Katakana Middle Dot again (Was: tables-06b.txt: A.5, A.6, A.9)

Sat Jul 25 15:43:22 CEST 2009

On Sat, Jul 25, 2009 at 10:54 PM, Patrik Fältström<patrik at frobbit.se> wrote:
> On 25 jul 2009, at 14.34, Wil Tan wrote:
>
>> I accidentally left out the U+3005..U+3007 that Yoneya-san proposed.
>> Therefore, #3 should be:
>>
>>  3. That the label contains only
>> (Han|Hiragana|Katakana|LDH|U+3005..U+3007) + katakana middle dot.
>>
>> It's important to note that having these constraints would rule out:
>
> What you say is that you want the following rules:
>

With the caveat that this will invalidate existing registrations and
prohibit some classes of Japanese labels that people may expect to be
able to use.

>  True;
>  if .not. Script(BeforeChar(cp)) .in.  (Han|Hiragana|Katakana) then False;

Not just the character before, but there must be at least one
Han|Hiragana|Katakana character in one of the preceding characters
before the katakana middle dot. We might need additional constructs in
the pseudocode grammar for this.

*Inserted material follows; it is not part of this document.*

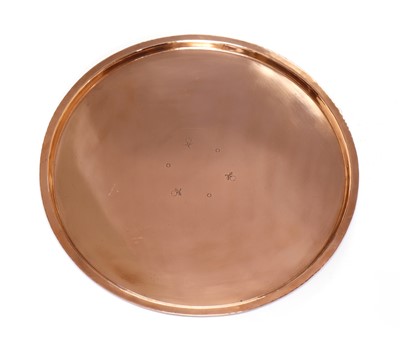 Lot 156 - An Arts and Crafts copper dish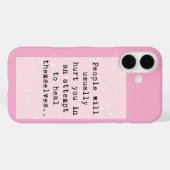 Ze doen pijn aan Case-Mate iPhone case (Achterkant (horizontaal))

In pseudo-functional-style-python:

# PosOfChar() returns the index of the candidate character within the label
# CPat() returns the code point at the given index
if not any([Script(CPat(pos)) in (Han, Hiragana, Katakana) for pos in
range(0, PosOfChar())]) then False;

>  For each cp:
>    if .not. (Script(cp) .in. (Han|Hiragana|Katakana) .or.
>        cp in {U+002D,U+0030..U+0039,U+0061..U+007A,U+3005..U+3007}) then
> False;
>

We'll need to include the candidate character itself, yeah?

 For each cp:
 if .not. (Script(cp) .in. (Han|Hiragana|Katakana) .or.
        cp in {U+002D,U+0030..U+0039,U+0061..U+007A,U+3005..U+3007,U+30FB})
then False;

=wil